On the opening page of Stephen King’s Firestarter, Andy McGee and his daughter, Charlie, 7, are rushing up Third Avenue in New York City at 5:30 p.m.
A green car is following them.
Andy grabs a cab, tells the driver he’ll give him $500 to take them to Albany airport. Andy gives him a dollar, which the cabby accepts as a $500 bill, and they’re off.
The pair have escaped for the time being.
Unlike King’s 1979 bestseller The Dead Zone, which develops from a single premise that readers must take on faith, Firestarter requires readers to accept a whole series of assertions each of which requires a significant suspension of disbelief.
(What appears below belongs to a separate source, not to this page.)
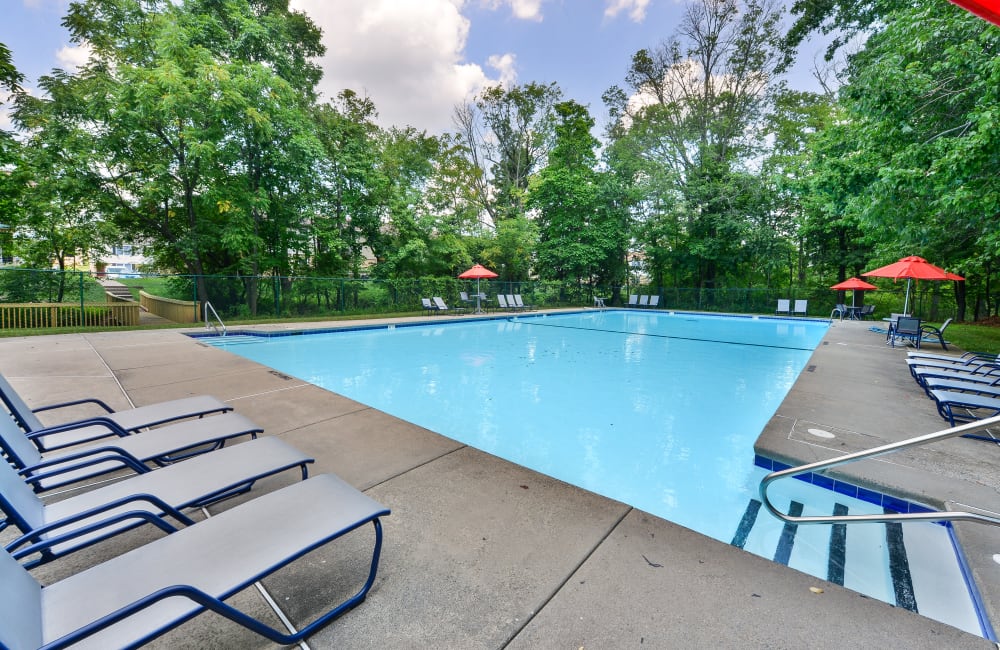 Swimming pool surrounded by lounge chairs at Brookside Manor Apartments & Townhomes in Lansdale, Pennsylvania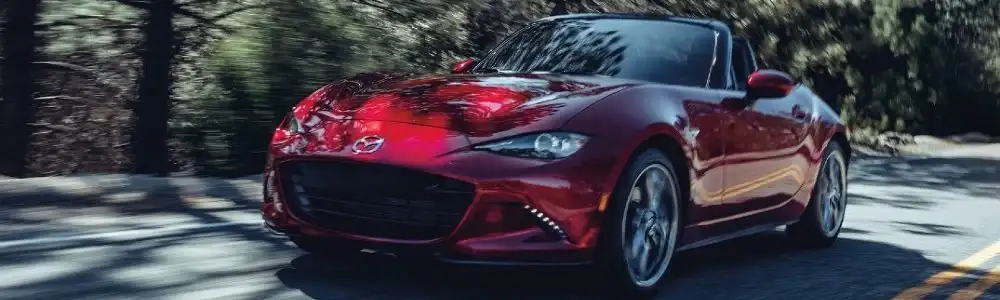 red 2021 Mazda MX-5 Miata driving through forest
Readers learn, for example, that Andy and his wife developed psychic powers after participating in a government-funded test of a hallucinogenic drug while they were college students.
From infancy, Charlie displayed pyrokinetic* power.
The government is now after Charlie.
The feds apparently want to use her instead of nuclear weapons.
Charlie, apart from her psychic powers, acts more like of 21 than a child of 7.
All those elements strain credulity.
But mainly I can’t believe a New York cabbie mistaking a $1 bill for a $500 bill under any amount of psychic push.
Firestarter by Stephen King
Viking Press, 1980. 428 p.
1980 bestseller #5. My grade: B-
*Stephen King coined the word pyrokenetic.